> _What this task involves_:
The answer must be the lines from the one that holds "sawada itto：サワダイット-Amotto-グラニースクエア巾着" through the final line of the data, copied exactly, with no pictures.
____ Entries supplied
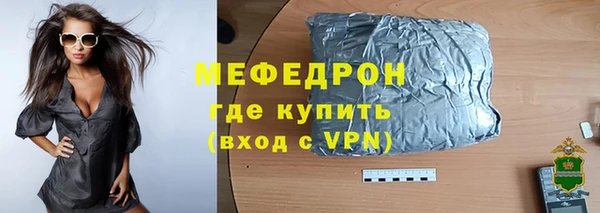 меф VHQ Долгопрудный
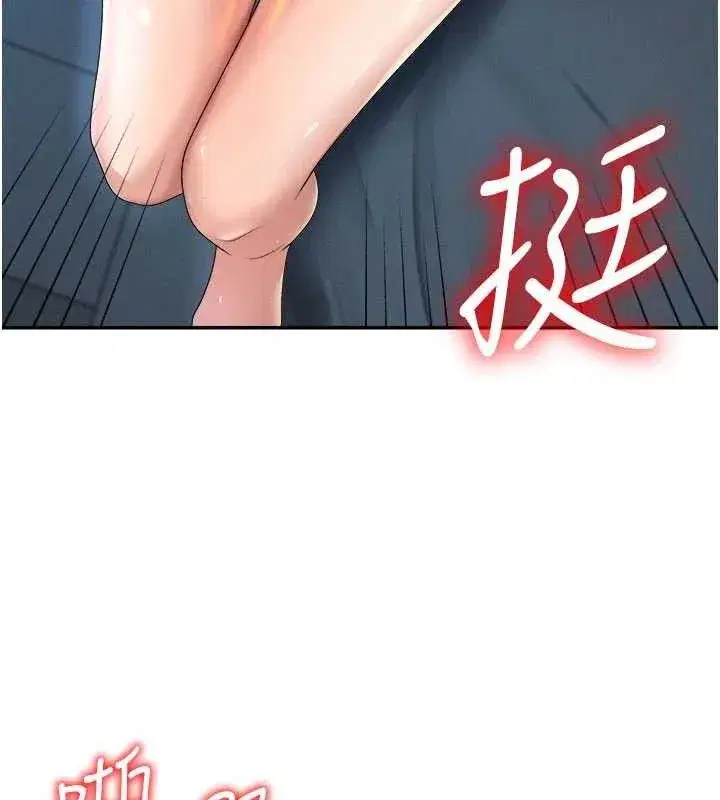 第20話-愛液橫流的床榻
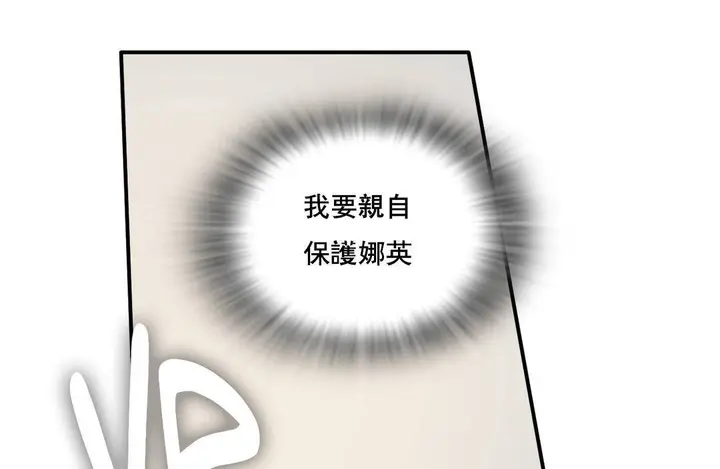 漫画《夫人的礼物》第50话第55张图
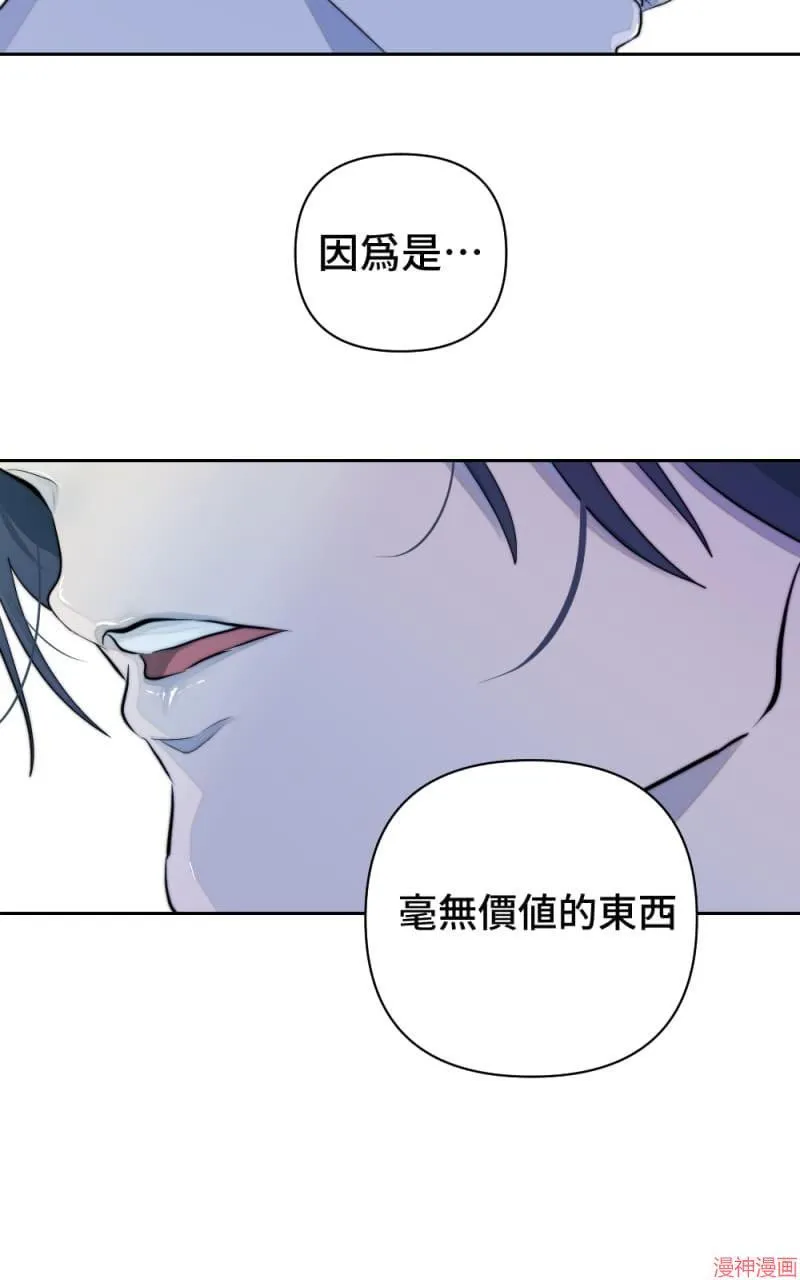 第39话 第29页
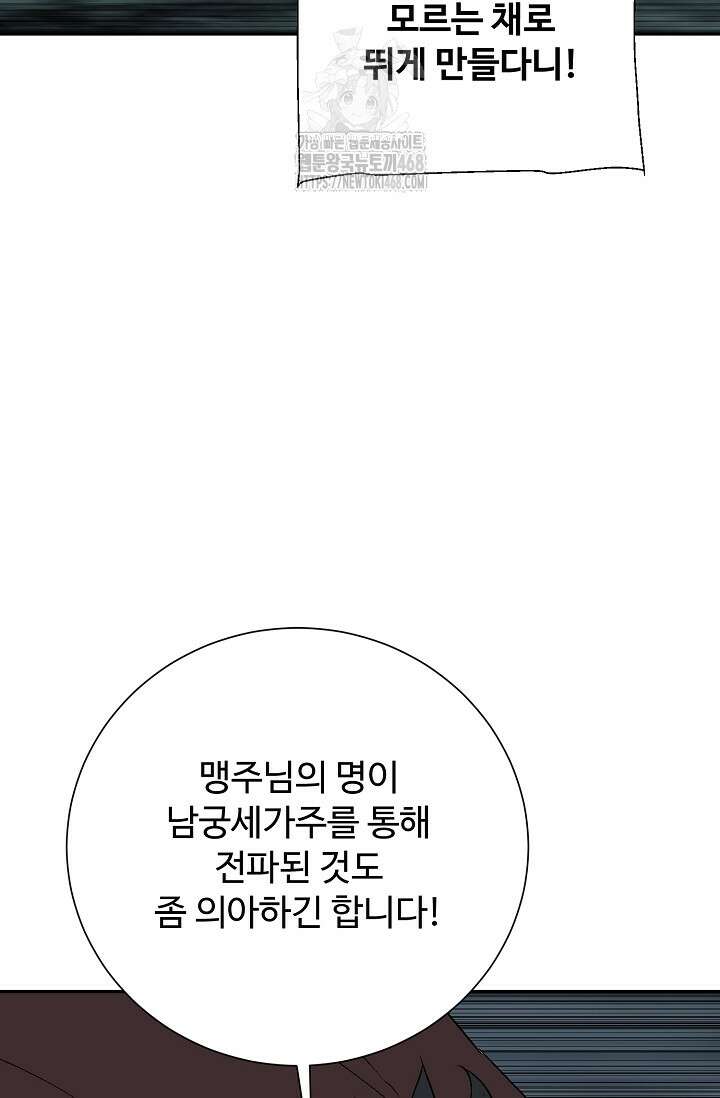 휘영검전 117화 5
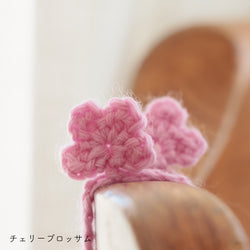 sawada itto：サワダイット-Amotto-グラニースクエア巾着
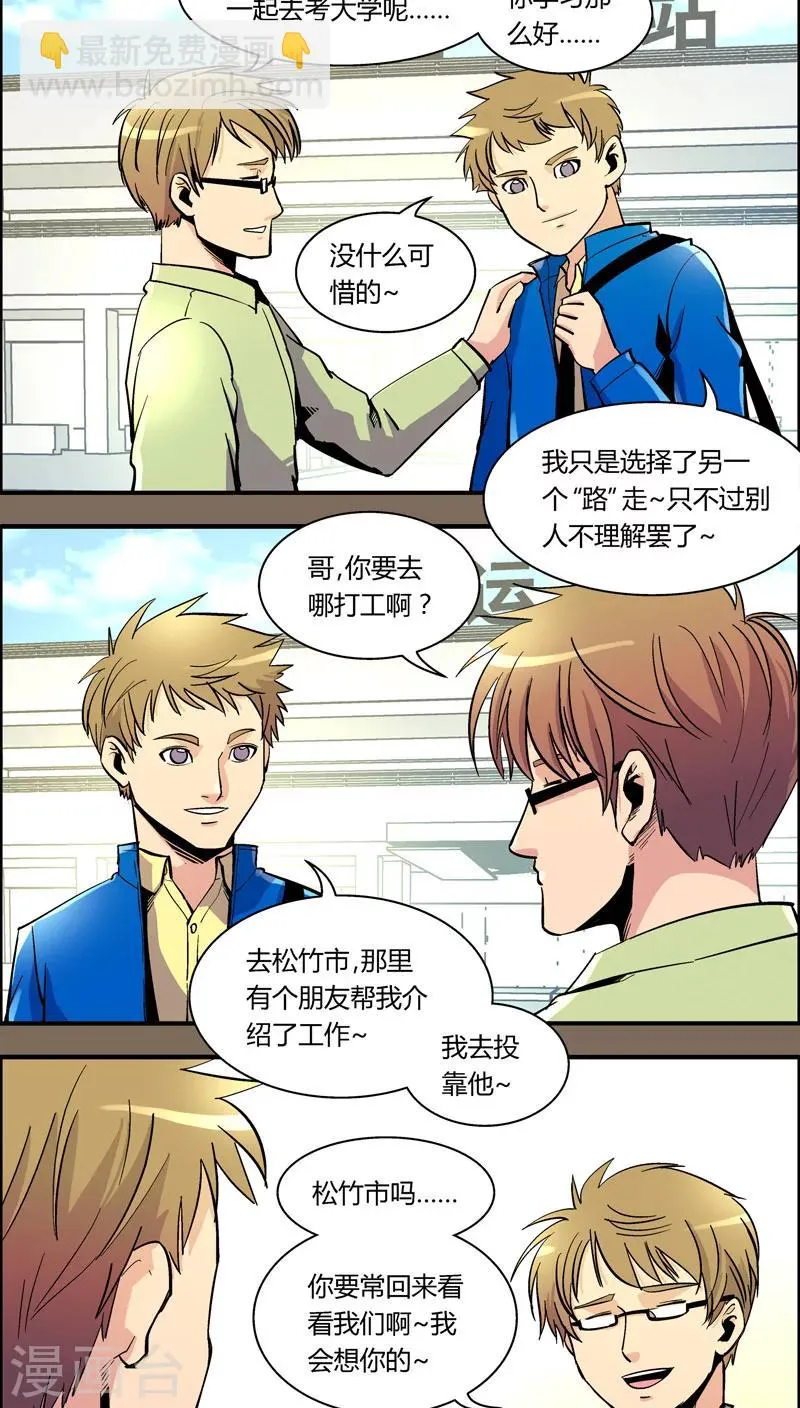 第90话 羽和翼(2) 第11页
________
> _Response area_:
 sawada itto：サワダイット-Amotto-グラニースクエア巾着
 第90话 羽和翼(2) 第11页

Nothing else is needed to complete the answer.